*What you are asked to do*. Retype the records that follow, every line exactly as written.

*Data shown*.
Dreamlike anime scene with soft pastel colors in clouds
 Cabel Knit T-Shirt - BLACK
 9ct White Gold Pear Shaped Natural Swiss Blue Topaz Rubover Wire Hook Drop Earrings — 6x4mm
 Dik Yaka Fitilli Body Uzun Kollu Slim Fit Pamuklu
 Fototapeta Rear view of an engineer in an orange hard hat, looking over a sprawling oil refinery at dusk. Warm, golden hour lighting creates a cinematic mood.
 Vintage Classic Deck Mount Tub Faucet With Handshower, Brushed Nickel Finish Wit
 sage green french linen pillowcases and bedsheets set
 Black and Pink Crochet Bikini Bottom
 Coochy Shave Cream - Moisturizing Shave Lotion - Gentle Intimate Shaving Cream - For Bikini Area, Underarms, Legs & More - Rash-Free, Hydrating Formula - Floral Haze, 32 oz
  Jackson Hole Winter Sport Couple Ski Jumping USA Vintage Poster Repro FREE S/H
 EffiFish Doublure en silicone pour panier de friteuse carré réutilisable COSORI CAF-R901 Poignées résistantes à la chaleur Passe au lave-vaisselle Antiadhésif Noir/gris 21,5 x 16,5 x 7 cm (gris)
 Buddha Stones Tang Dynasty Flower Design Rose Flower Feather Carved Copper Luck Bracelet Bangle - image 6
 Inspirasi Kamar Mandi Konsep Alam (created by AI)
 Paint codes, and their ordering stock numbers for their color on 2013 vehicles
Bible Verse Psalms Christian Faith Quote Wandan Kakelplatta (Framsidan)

*Result of the exercise*.
Dreamlike anime scene with soft pastel colors in clouds
 Cabel Knit T-Shirt - BLACK
 9ct White Gold Pear Shaped Natural Swiss Blue Topaz Rubover Wire Hook Drop Earrings — 6x4mm
 Dik Yaka Fitilli Body Uzun Kollu Slim Fit Pamuklu
 Fototapeta Rear view of an engineer in an orange hard hat, looking over a sprawling oil refinery at dusk. Warm, golden hour lighting creates a cinematic mood.
 Vintage Classic Deck Mount Tub Faucet With Handshower, Brushed Nickel Finish Wit
 sage green french linen pillowcases and bedsheets set
 Black and Pink Crochet Bikini Bottom
 Coochy Shave Cream - Moisturizing Shave Lotion - Gentle Intimate Shaving Cream - For Bikini Area, Underarms, Legs & More - Rash-Free, Hydrating Formula - Floral Haze, 32 oz
  Jackson Hole Winter Sport Couple Ski Jumping USA Vintage Poster Repro FREE S/H
 EffiFish Doublure en silicone pour panier de friteuse carré réutilisable COSORI CAF-R901 Poignées résistantes à la chaleur Passe au lave-vaisselle Antiadhésif Noir/gris 21,5 x 16,5 x 7 cm (gris)
 Buddha Stones Tang Dynasty Flower Design Rose Flower Feather Carved Copper Luck Bracelet Bangle - image 6
 Inspirasi Kamar Mandi Konsep Alam (created by AI)
 Paint codes, and their ordering stock numbers for their color on 2013 vehicles
Bible Verse Psalms Christian Faith Quote Wandan Kakelplatta (Framsidan)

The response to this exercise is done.